Groboclown and I have had an interesting exchange about suite() on his weblog.

The idea of using JUnit ant tasks to work around the limitations of JUnit is sadly very common, to the point that nobody notices even more that this is a fundamental flaw in JUnit. In this particular example, you can use <batchtest> to invoke explicitly several Test classes (something you can’t even do with the basic TestRunner!) and also to use ant’s powerful wildcard matching.

This is useful, but it has two limitations:

• It requires ant. In heterogeneous environments that build more than just Java code, ant is not always an option. Besides, I really think that such features should be available at the simple Java level.
• Your level of granularity is still the class, not the method.

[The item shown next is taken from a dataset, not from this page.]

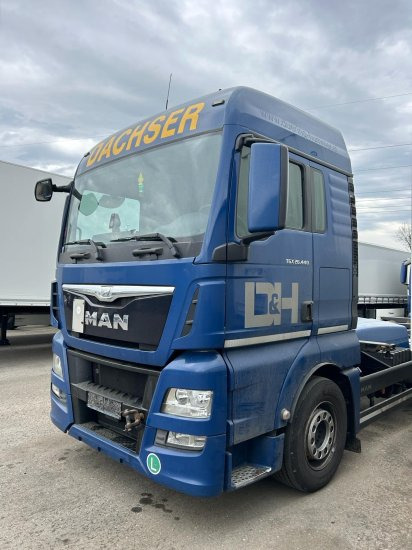 MAN TGX 26.440 XLX 6x2 Liftachse, Euro 6, Retarder, Motorschaden - Kamion za prevoz kontejnera/ Kamion sa promenjivim sandukom: slika 3 MAN TGX 26.440 XLX 6x2 Liftachse, Euro 6, Retarder, Motorschaden - Kamion za prevoz kontejnera/ Kamion sa promenjivim sandukom: slika 3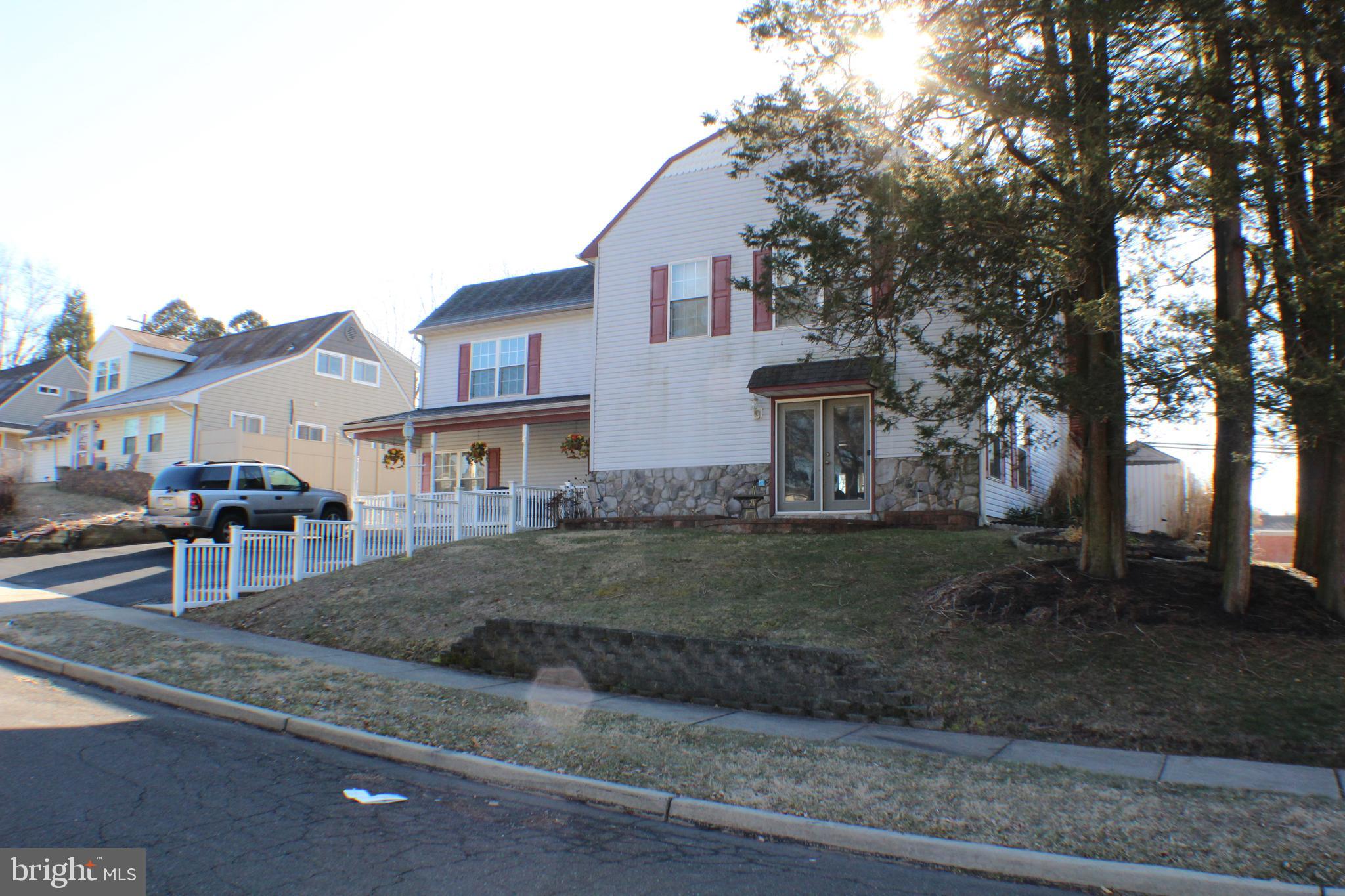 2 Hamlet Road Levittown, PA 19056 - Photo 44 of 48 Exterior front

This last point is important. I find myself very often needing to run an individual test method, either to track a test that fails or more simply while I am coding the said test. The only way you can achieve this with JUnit is by commenting out all the methods in your class that you want JUnit to ignore (actually, I was renaming them “_test”). And then of course, you need to recompile your test.

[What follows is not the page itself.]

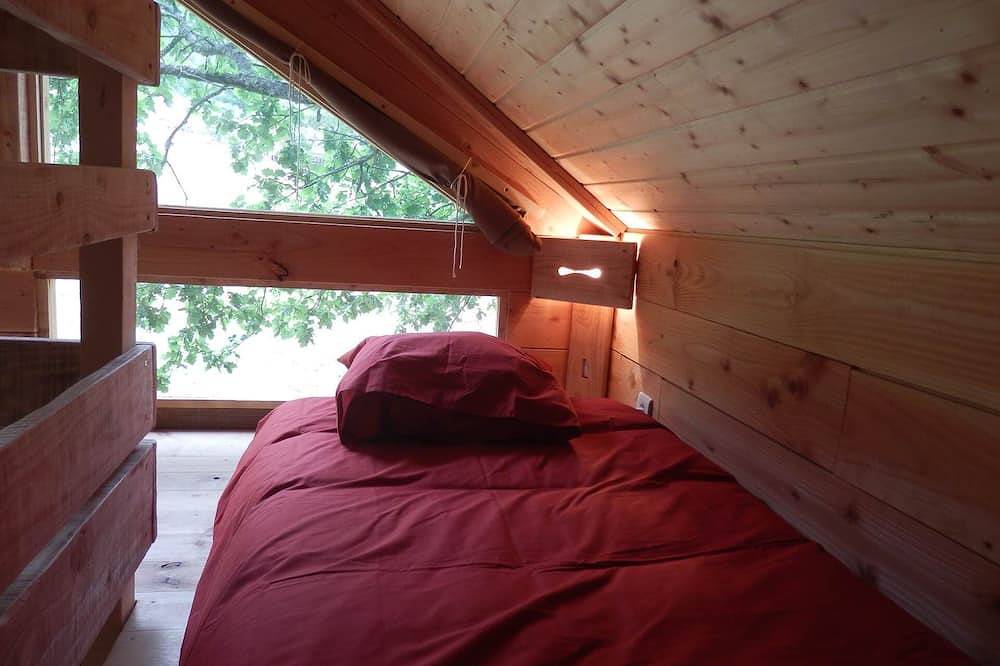 Cabane écolodge chambre d'hôtes insolite in Broye, Région d'Autun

That’s a lot of work when all you need is to tell your test framework to run a specific test method.

Groboclown quotes a book on this topic:

In Testing Objet-Oriented Software: Life Cycle Solutions, by Imran Bashir and Amrit L. Goel, they argue that the unit of test has moved from the function (in structured programming) to the class (in object-oriented programming). Using this argument, I’ll claim that there’s no need to get a lower granularity than at the test class level.

I disagree. The class level still fails to capture three very important levels of granularity in testing:

• Individual methods.
• Groups of methods.
• Sequences of methods that depend on each other.

These notions should look very familiar to you: they are at the very core of build tools such as ant or make.

You declare dependencies between targets and you can group these dependencies together, creating an acyclic graph of clusters representing your run sequence where some processes are run sequentially while others can be run in parallel.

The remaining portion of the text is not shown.